● **EXERCISE DESCRIPTION**
Copy out, exactly, the first line of the entries below and every line after it through the one containing "Toyota Aygo 1.0".
--- START ---
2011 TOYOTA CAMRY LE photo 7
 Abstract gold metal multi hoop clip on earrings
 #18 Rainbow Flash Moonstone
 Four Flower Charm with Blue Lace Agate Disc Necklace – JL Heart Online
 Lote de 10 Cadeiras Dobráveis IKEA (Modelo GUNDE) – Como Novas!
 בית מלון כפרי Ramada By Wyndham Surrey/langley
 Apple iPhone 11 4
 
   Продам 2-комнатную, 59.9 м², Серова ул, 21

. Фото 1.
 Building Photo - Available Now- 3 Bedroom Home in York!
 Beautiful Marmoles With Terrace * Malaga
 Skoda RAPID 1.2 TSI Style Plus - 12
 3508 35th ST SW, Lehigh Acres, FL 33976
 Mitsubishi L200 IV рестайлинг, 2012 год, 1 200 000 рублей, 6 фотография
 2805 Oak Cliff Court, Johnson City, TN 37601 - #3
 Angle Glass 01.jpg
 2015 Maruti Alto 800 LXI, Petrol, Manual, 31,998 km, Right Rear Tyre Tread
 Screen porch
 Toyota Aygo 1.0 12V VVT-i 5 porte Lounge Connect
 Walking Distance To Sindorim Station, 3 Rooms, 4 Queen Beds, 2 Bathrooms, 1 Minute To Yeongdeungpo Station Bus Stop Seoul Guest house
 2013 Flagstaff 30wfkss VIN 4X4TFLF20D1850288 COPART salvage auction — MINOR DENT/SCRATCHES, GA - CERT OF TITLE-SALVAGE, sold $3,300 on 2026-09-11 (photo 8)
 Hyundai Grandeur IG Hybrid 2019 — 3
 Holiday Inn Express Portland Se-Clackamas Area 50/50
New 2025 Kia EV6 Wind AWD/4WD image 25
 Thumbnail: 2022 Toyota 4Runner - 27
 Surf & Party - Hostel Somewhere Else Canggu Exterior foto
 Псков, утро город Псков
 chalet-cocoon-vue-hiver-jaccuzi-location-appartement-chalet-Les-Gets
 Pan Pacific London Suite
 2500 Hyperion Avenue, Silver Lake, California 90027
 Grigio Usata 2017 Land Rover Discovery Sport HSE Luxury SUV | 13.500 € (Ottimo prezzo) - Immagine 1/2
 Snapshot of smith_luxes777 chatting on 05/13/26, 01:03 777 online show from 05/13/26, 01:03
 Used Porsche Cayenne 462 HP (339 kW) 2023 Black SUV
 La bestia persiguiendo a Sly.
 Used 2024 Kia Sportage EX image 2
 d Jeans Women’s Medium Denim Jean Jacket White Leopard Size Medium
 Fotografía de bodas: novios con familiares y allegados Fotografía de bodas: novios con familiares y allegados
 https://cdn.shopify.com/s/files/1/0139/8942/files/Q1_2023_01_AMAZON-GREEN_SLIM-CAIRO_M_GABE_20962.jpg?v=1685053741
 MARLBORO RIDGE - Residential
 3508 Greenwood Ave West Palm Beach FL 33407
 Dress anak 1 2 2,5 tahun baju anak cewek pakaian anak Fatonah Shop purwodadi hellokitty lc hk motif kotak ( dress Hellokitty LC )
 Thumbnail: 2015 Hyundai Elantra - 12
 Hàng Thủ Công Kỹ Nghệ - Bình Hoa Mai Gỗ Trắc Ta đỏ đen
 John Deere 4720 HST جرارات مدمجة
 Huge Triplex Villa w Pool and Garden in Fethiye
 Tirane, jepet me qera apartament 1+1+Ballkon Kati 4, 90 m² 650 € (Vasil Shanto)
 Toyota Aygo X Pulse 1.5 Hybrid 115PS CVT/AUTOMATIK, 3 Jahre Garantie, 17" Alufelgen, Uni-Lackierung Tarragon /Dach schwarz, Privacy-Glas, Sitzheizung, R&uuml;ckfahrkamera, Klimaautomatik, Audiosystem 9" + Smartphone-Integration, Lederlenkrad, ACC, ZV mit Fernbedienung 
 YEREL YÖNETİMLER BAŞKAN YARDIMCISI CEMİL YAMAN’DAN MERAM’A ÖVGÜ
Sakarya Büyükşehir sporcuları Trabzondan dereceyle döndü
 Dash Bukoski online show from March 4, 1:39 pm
--- END ---
● **ANSWER BELOW**
2011 TOYOTA CAMRY LE photo 7
 Abstract gold metal multi hoop clip on earrings
 #18 Rainbow Flash Moonstone
 Four Flower Charm with Blue Lace Agate Disc Necklace – JL Heart Online
 Lote de 10 Cadeiras Dobráveis IKEA (Modelo GUNDE) – Como Novas!
 בית מלון כפרי Ramada By Wyndham Surrey/langley
 Apple iPhone 11 4
 
   Продам 2-комнатную, 59.9 м², Серова ул, 21

. Фото 1.
 Building Photo - Available Now- 3 Bedroom Home in York!
 Beautiful Marmoles With Terrace * Malaga
 Skoda RAPID 1.2 TSI Style Plus - 12
 3508 35th ST SW, Lehigh Acres, FL 33976
 Mitsubishi L200 IV рестайлинг, 2012 год, 1 200 000 рублей, 6 фотография
 2805 Oak Cliff Court, Johnson City, TN 37601 - #3
 Angle Glass 01.jpg
 2015 Maruti Alto 800 LXI, Petrol, Manual, 31,998 km, Right Rear Tyre Tread
 Screen porch
 Toyota Aygo 1.0 12V VVT-i 5 porte Lounge Connect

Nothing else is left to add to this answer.